Brahimi to hold trilateral talks on Syria

US and Russia meeting brought forward as government, opposition remain deadlocked

United Nations mediator Lakhdar Brahimi gives a press conference after negotiation between the Syrian government and the opposition in Geneva, Switzerland. Photograph: Salvatore Di Nolfi/EPA

United Nations mediator Lakhdar Brahimi gives a press conference after negotiation between the Syrian government and the opposition in Geneva, Switzerland. Photograph: Salvatore Di Nolfi/EPA

Thu, Feb 13, 2014, 00:41

United Nations mediator Lakhdar Brahimi is set to hold trilateral discussions on Thursday with Russian deputy foreign minister Gennady Gatilov and US undersecretary of state Wendy Sherman in a bid to generate progress in the Syrian peace talks.

The Geneva meeting, originally scheduled for Friday, was been brought forward as negotiations between government and opposition remain deadlocked.

On Wednesday, Mr Brahimi met Mr Gatilov who later held discussions with Syrian foreign minister and delegation head Walid Muallem. Wrangling over the agenda continued in the morning with the government arguing that ending the conflict should be given priority as the opposition delegation presented its proposal for an interim authority to oversee the transition to democracy.

Syria’s official television said Damascus had rejected Mr Brahimi’s call for parallel talks on both issues.

The five-page opposition paper provided for a transitional governing body that would “prepare and oversee a total ceasefire by taking immediate measures to stop military violence, protect civilians and stabilise the country in the presence of UN observers.”

Foreign fighters would be expelled; troops withdrawn from cities and towns; and insurgents disarmed, demobilised and given jobs in the army and civil service.

While opposition delegate Anas al-Abdeh called on Damascus ally Moscow to press the government to be more flexible in the talks, Syrian deputy foreign minister Faisal Mekdad said the government was prepared to discuss foreign fighters. This issue fits into its agenda, which gives priority to insurgent “terrorism”.

Operations to deliver food aid and evacuate civilians from the besieged insurgent-held old city of Homs resumed yesterday.

Vehicles transporting aid brought out 217 civilians from the Bustan al-Diwan neighbourhood, bringing the total number of evacuees since last Friday to 1,368.

Yabroud, the last insurgent-held town along the highway from Damascus to Homs, has come under attack from government forces.

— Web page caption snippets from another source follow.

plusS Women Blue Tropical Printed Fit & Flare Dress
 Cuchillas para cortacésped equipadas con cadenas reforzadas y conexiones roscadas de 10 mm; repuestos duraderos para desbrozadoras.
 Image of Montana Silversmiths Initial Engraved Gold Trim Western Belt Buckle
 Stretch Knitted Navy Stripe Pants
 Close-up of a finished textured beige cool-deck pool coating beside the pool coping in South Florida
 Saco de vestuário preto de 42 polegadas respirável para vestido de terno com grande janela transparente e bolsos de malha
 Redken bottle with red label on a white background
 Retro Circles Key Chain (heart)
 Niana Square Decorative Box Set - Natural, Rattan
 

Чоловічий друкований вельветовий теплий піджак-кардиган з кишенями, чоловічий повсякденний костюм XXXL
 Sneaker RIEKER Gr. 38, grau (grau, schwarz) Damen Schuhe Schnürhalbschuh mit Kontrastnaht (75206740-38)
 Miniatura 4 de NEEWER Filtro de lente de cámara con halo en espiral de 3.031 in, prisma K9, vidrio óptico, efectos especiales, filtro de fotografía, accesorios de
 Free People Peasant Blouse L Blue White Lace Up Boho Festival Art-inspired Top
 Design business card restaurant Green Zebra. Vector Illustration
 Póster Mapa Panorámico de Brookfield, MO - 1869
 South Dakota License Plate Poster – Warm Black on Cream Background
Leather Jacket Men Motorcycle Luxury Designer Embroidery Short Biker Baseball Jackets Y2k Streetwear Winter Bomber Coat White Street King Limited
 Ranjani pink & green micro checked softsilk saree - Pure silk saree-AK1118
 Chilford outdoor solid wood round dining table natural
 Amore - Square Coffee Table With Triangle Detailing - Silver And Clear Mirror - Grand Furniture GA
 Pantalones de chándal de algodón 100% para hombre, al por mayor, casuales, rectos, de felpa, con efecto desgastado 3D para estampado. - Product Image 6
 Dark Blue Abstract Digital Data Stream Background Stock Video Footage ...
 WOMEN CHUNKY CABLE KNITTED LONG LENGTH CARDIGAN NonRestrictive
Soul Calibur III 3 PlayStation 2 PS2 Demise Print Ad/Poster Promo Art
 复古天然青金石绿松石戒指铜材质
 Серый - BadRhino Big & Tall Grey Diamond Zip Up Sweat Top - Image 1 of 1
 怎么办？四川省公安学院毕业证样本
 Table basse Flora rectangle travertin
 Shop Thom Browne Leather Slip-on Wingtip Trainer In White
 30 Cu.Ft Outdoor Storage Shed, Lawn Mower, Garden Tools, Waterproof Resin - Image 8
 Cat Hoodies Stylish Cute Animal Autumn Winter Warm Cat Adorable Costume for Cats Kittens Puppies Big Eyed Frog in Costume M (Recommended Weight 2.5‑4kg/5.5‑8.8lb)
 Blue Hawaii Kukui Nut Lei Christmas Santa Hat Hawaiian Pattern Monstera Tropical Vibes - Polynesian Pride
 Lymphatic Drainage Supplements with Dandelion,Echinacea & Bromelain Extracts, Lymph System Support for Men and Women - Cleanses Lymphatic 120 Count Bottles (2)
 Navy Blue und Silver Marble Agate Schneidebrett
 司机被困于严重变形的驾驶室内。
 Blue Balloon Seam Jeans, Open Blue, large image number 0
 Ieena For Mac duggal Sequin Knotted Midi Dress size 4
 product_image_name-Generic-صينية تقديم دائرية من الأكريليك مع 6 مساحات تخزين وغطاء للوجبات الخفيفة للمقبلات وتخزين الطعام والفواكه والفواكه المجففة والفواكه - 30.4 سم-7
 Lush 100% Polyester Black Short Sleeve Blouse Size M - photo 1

Some 300 civilians and wounded have fled across the Lebanese frontier to the pro-insurgent village of Arsal.

Radical jihadis are believed to be holding in Yabroud Orthodox Christian nuns kidnapped from the ancient town of Maloula.

Russia said it would veto the western-drafted UN Security Council resolution that demands humanitarian access to besieged areas in Syria and a halt to government bombardment of cities and towns.